Figure 16: The Mass Comm Murders
I like to illustrate my own books, so I’ve been fortunate to find some publishers who have made excellent use of my illustrations. There is a momentary thrill you get when your publisher finally sends you a copy of your new book. This is followed by speculations about how the book might be reviewed and doubts about whether anyone will read it or any professors will adopt it for their classes. When I get a new book I look the book over, scan it for typos, and then I put it in my book case. Then, it’s on to the next book. That’s because by the time one of my books is published, I’ve spent so much time working on it—going over the manuscript many times to get the writing just right, going over the copy edited manuscript pages, proofreading the page proofs, making the index—that I’m sick and tired of the book...but very happy that it has been published.
It’s always interesting for me to watch people in bookstores. They pick up a book, glance at the front and back cover, look at the table of contents, and put it down, all in about a minute’s time. When I think of the amount of work involved in writing the book and publishing it, I always marvel that books are treated in such a cavalier manner. But, of course, I’m speaking from the perspective of a writer.

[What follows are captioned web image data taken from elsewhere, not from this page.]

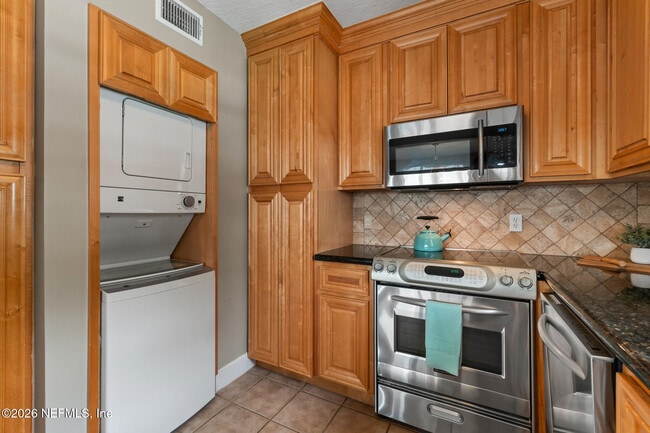 Building Photo - 3434 Blanding Blvd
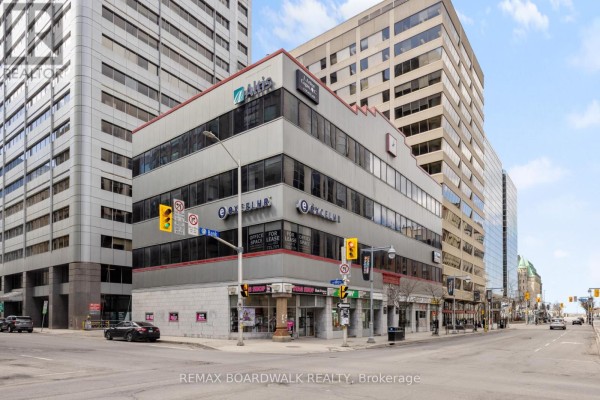 102 Bank Street, Ottawa, ON, photo 2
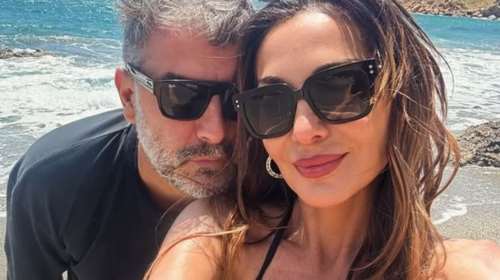 Η Δέσποινα Βανδή απολαμβάνει τις βουτιές της στη Μύκονο - Με stylish ολόσωμο μαγιό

There is something else I should mention. Unlike many authors who write textbooks (I don’t think of myself as writing textbooks but as writing scholarly books that are used as textbooks), I never write queries to publishers about books I plan on writing. Instead, I write the book—because I’m interested in the subject, because I want to find out more about it, and because I want to discover what ideas I had that I never recognized until I started writing. And then I go looking for a publisher.

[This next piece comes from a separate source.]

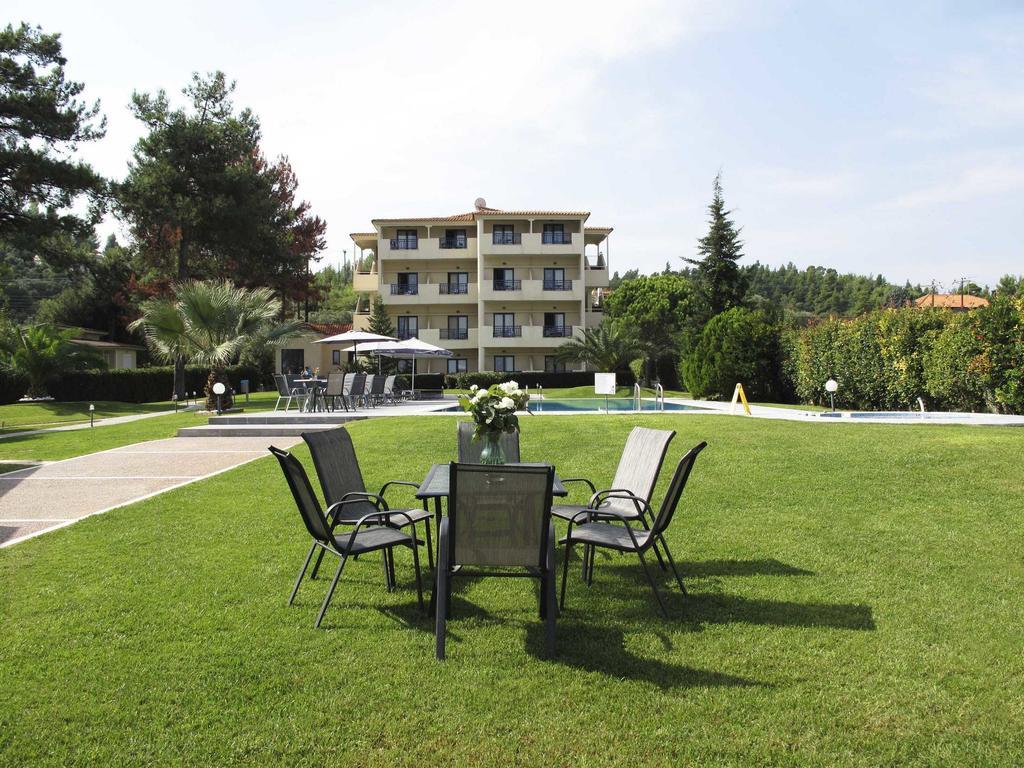 Hotel Azur Криопиги Экстерьер фото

So every book of mine represents a lot of work that may not pay off in getting published. Now that I have a substantial number of books that have been published, writing a book before getting a commitment from a publisher isn’t quite as risky as it used to be. But it still is a risk and I must confess that I’m not always successful in publishing books I’ve written.

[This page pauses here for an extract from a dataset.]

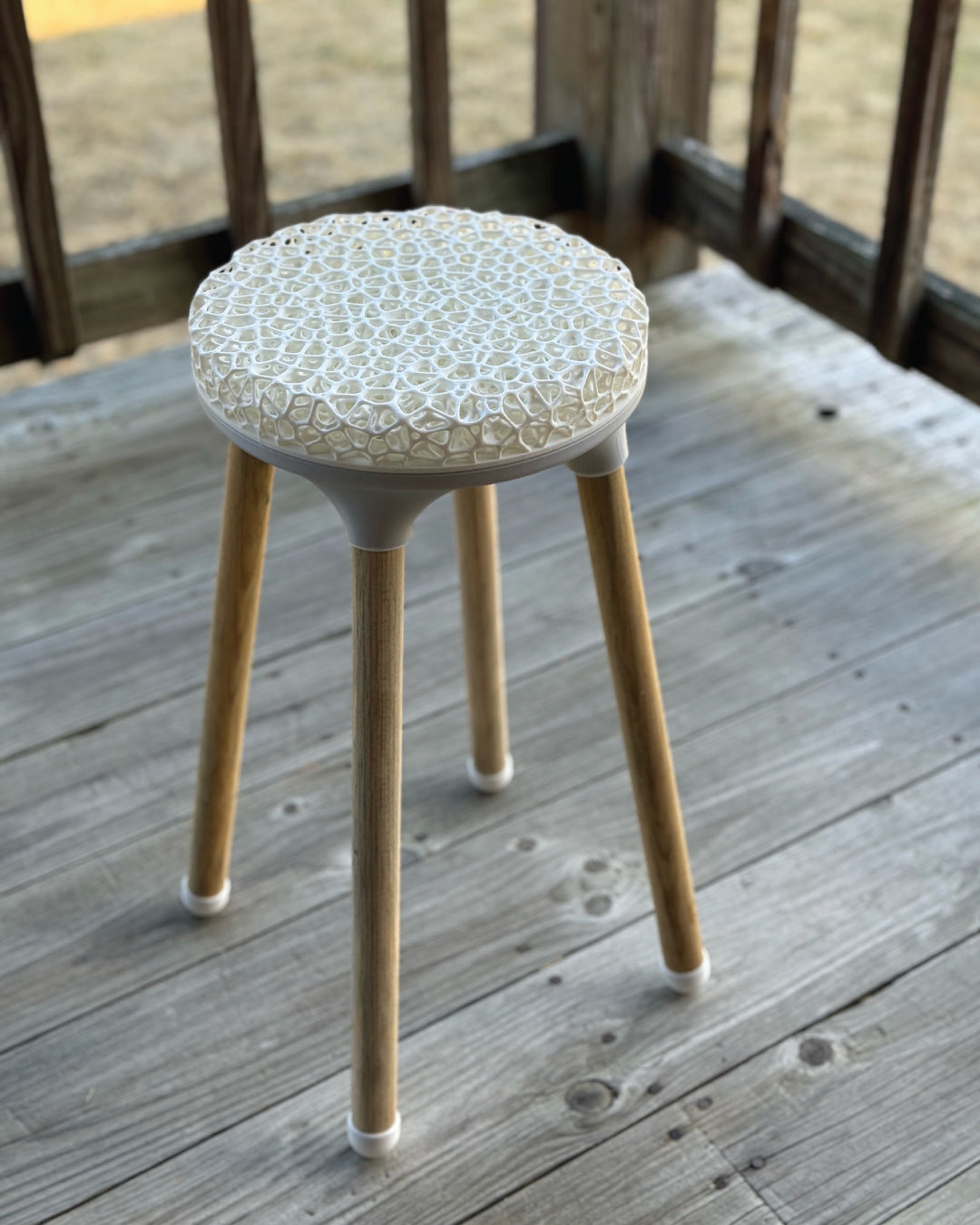 Lattice Bench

And books don’t always have the “payoff” you think they’ll have. In my 35th journal, Relations II, I write:
So here I am with my seventh and eighth book coming out and it has meant nothing, so it seems. No job offers, no help in getting grants, no help at school (in fact, it has hindered me). It has given me a lot of psychic income and ego strength, however...and some regular income, as well.
One problem with writing oneself into existence is that you face a problem when you stop writing. Will you cease to exist? That may suggest that when I complain to myself, in my journals, as I do over and over again, that I haven’t got any ideas for new books, I’m really alluding to an existential dilemma that I, and all writers, unconsciously recognize. Maybe we can modify Berkeley and say that for writers, “to be is to be in print” or “to be is to be reviewed,” or some combination of the two.
Postscript
Figure 17: Photograph of Arthur Asa Berger
This article contains material about writing from my memoir, Writing Myself into Existence. I now have a manuscript on myth and media being considered for publication by a publisher. I’ve also been asked to write a book on global icons. So it looks like I’ve solved the problem of find a way to continue to exist for a while longer.